Do you think we should spend as much time testing these features and scenarios as we spend on our central features and scenarios, or we should test mostly the happy path for these features?

  • 3
    Well, as always it depends. Maybe those 1% of your clients are paying 99% of your income. Maybe those are quite important customers: if you lose them for not working features, maybe other customers will follow them. So the question is (a) how important are those clients for you and (b) how those features are important for them?
    – dzieciou
    Mar 16, 2014 at 9:49
  • A lot of the work of a tester is about analysing risk. What is the likelihood of part of the system failing and what is the risk to the business if that part of the system fails.
    – AdrianHHH
    Mar 17, 2014 at 10:02

5 Answers 5


As already stated in a comment, it depends.

You have to consider a lot of things in order to decide your test strategy. Usually you have limited resources for testing (time, budget, testers, infrastructure etc.), so you cannot test everything equally thorough. A risk-based approach helps you decide where to concentrate your testing efforts and how thorough to test.

For this, you should first identify all relevant risks, and assess them. The assessment includes categorizing each risk and determining the likelihood of occurrence and impact upon occurrency for each risk. The impact should be assessed by all stakeholders, that is, you should involve your customer(s)/clients.

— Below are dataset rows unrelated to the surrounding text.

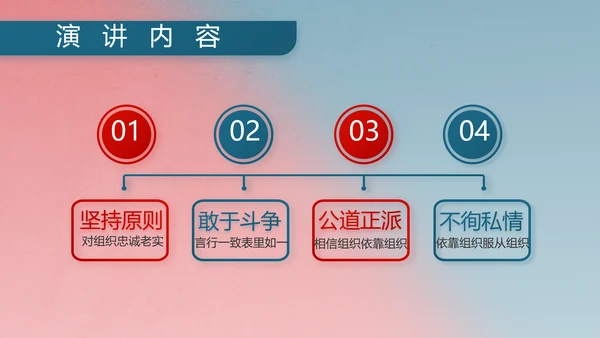 部队军事双争评比动态PPT
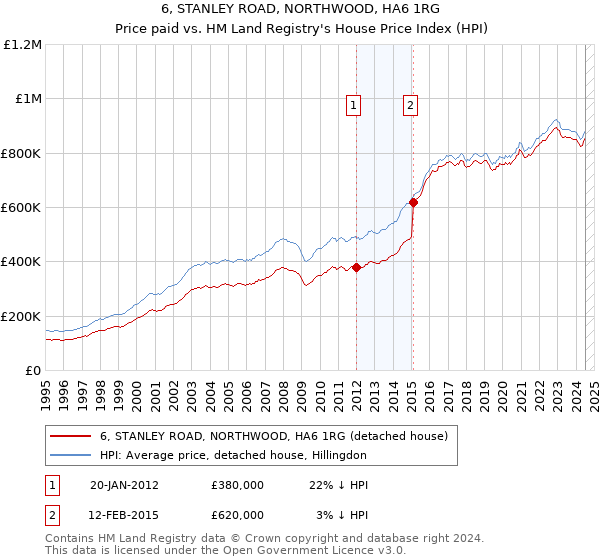 6, STANLEY ROAD, NORTHWOOD, HA6 1RG: Price paid vs HM Land Registry's House Price Index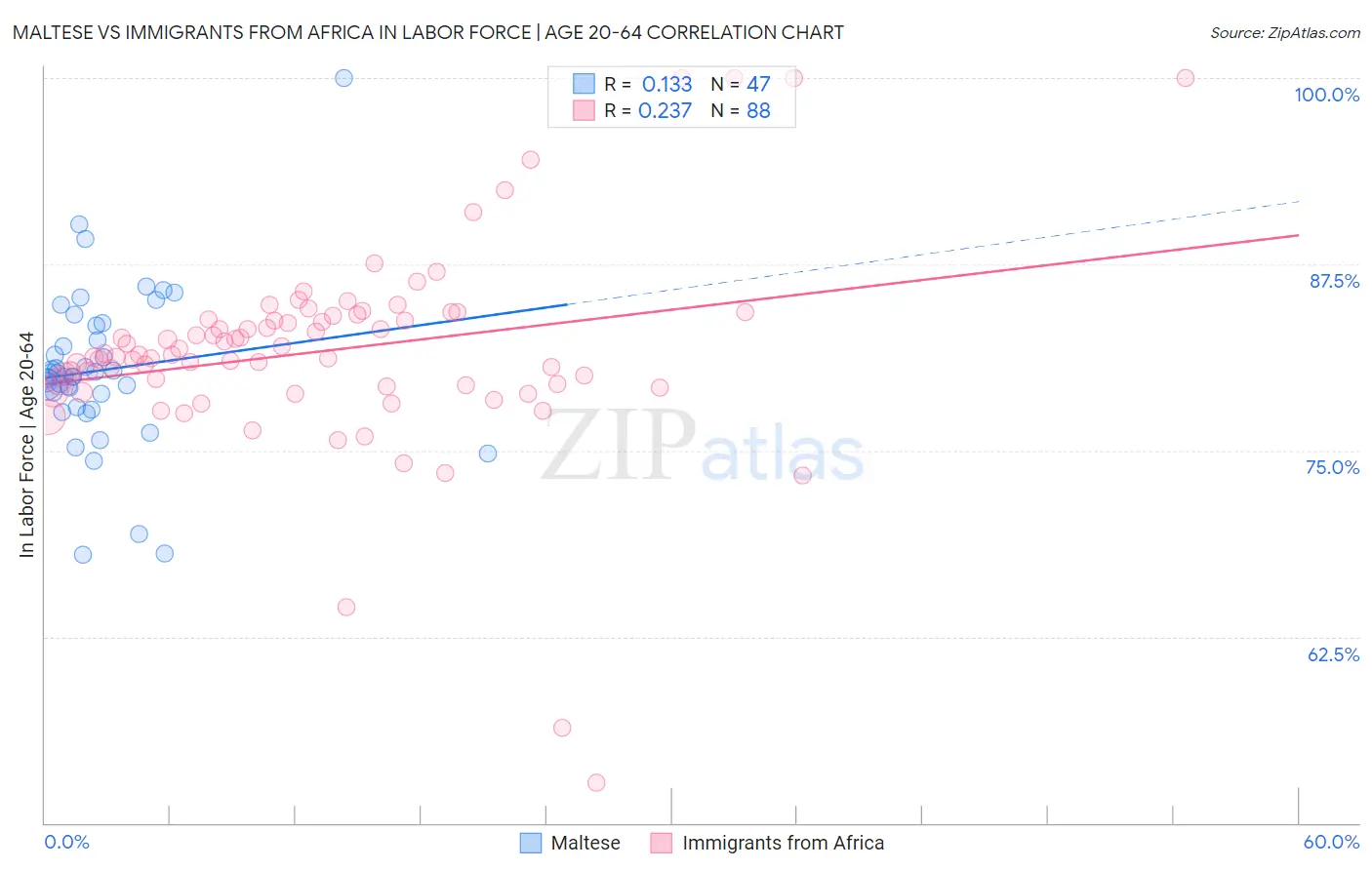 Maltese vs Immigrants from Africa In Labor Force | Age 20-64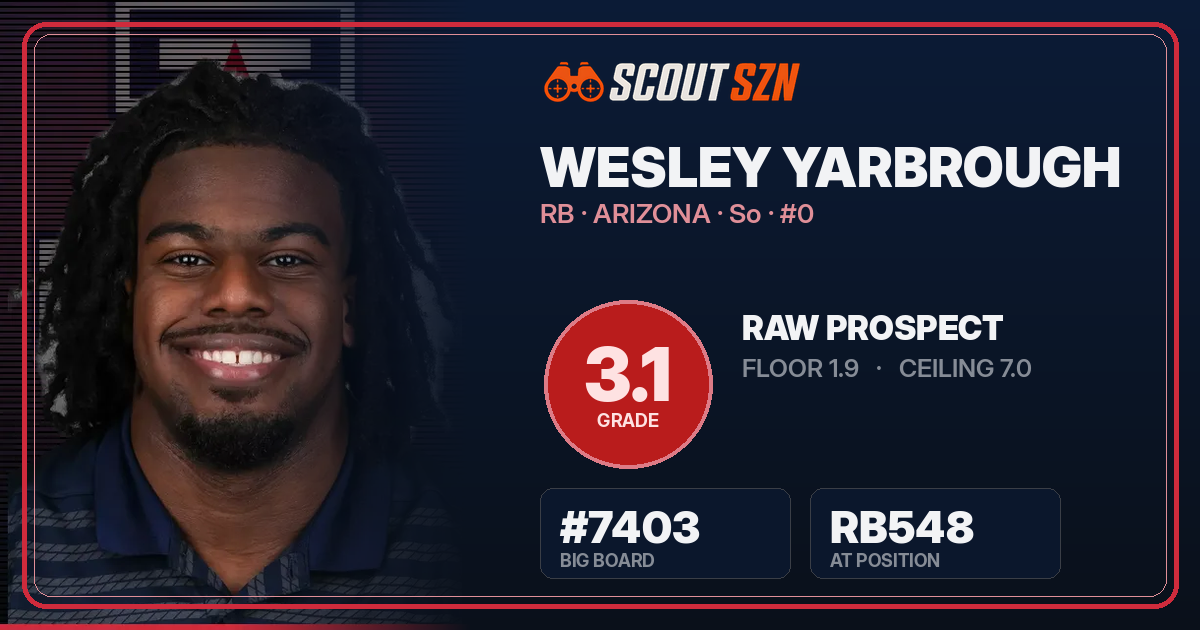 Share card for Wesley Yarbrough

This helps you deciding which test techniques to use and the priorities of each test case or test object of your system. The effort associated with developing and executing a test is proportional to the extent of the risk.

For the particular features you asked about, some questions, which you should answer yourself, are:

  • Would it be a showstopper for your clients if these features would not work as expected (business risk)?
  • How important are those clients to you? If you lose a client, this could have a very negative impact to your image (business risk).
  • Is the implementation of those features very complex or has many interfaces to other parts of the system? Or is it quite simple (technical risk)? If it is complex, you should test it more thorough than if it's simple.

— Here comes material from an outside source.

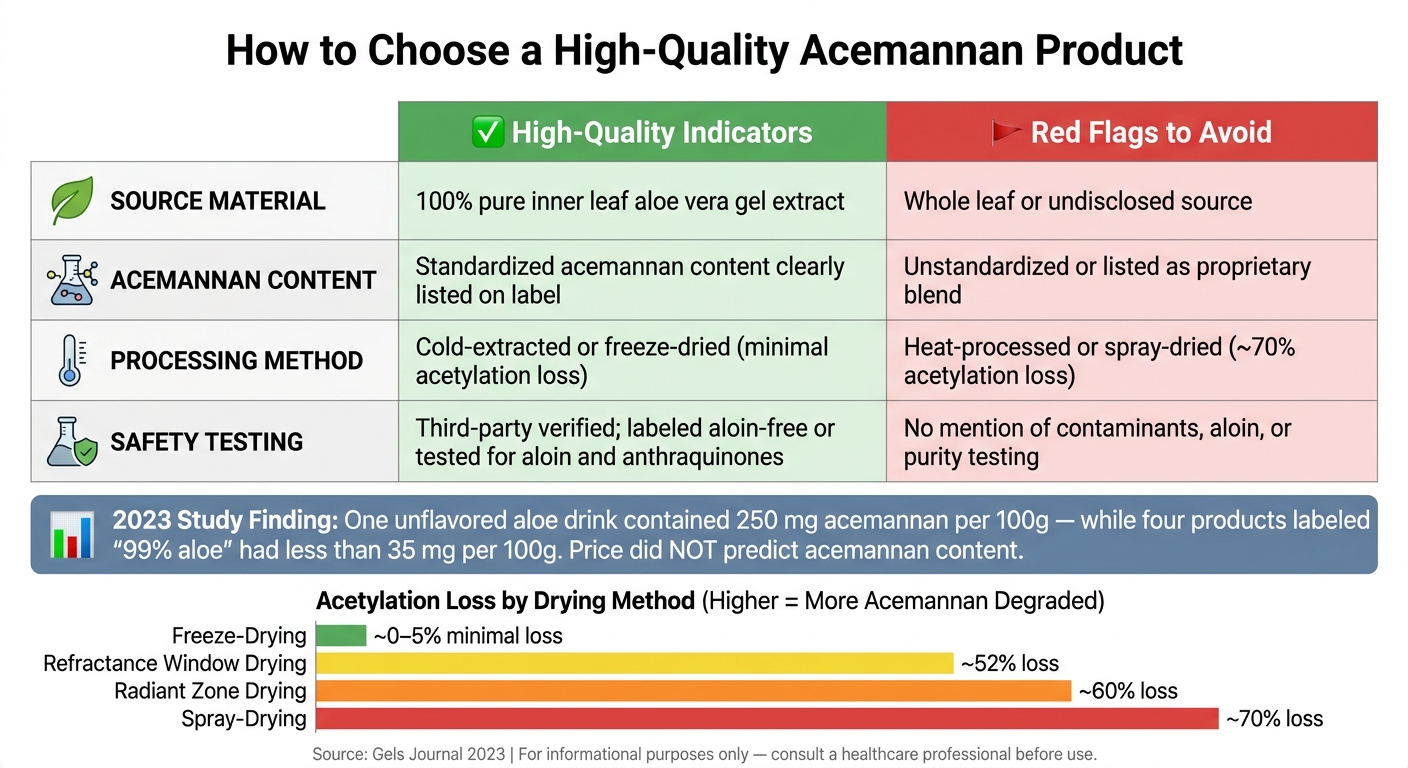Acemannan Product Quality: What to Look For vs. What to Avoid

Of course, there are many other questions you have to answer for yourself before you can decide your approach.


As always, it depends.

At my previous employer, we had some 400-odd customers (business-to-business software). The one customer who was the only user of certain features was one of the largest customers so it was absolutely critical to make sure those features worked well.

In anything business-to-business that's pretty common: the biggest customers will typically also use the software to its limits and will be the only users of some of the more obscure features. It's quite possible those features were developed specifically for those customers.

I typically look at features used by a small subset of customers this way:

  • Which customers use the feature? - If the customer(s) using the feature are among my employer's biggest/best customers, it gets more testing than a feature used only by the smallest customers (because the big customers will cause more financial problems for my employer if they leave than the small customers will, and I don't have infinite time or resources).
  • How critical is the feature to its users? - If the feature involves financial data, tax data, or other mission-critical data, it gets more testing than a feature that is less mission-critical.
  • How stable is the feature? - Something that's been built, tested, deployed, and hasn't changed since then is going to get less attention than something that's constantly changing or getting a lot of bugs reported against it.
  • Can the feature impact core function? - A feature that interacts with core functionality and has the potential to break core features is going to get more attention than one that doesn't.
  • Will the only users of this feature be upgrading to this version? - Although it's a long way from ideal, sometimes it's necessary to accept that a particular version of the software isn't going to work for that 1% of customers. One customer at my last employer had a six month upgrade process, so there were sometimes versions of the software that customer simply could not use (usually because a feature developed for that customer was being adopted by a different customer, but the changes for the second customer were so extensive they broke the first customer's feature and required an extensive unification project which couldn't be done in the time frame available).

Spending a lot of time for testing these features is not good. But also it's not good to close your eyes to them.

I think the best practice is to mark out specific day(s) (for example, once a month) and create tests just for these features.

So, you won't spend much time and that 1% of customers who use those features will be happy and appreciate your work.


I think that risk analysis should be done. If the feature, although has low probability of being used, has a great impact, in case it is disfunctional, then it should be included in the test plan, listed as per other test cases' impact and probability analysis.


It depends from your management actually. What is the propose of your product? Based on your question I would like to execute testing of particular features just once during iteration if you have some Agile. You should not spend all your time for testing this features but still need to test basically, do not ignore them and please execute very basic smoke test.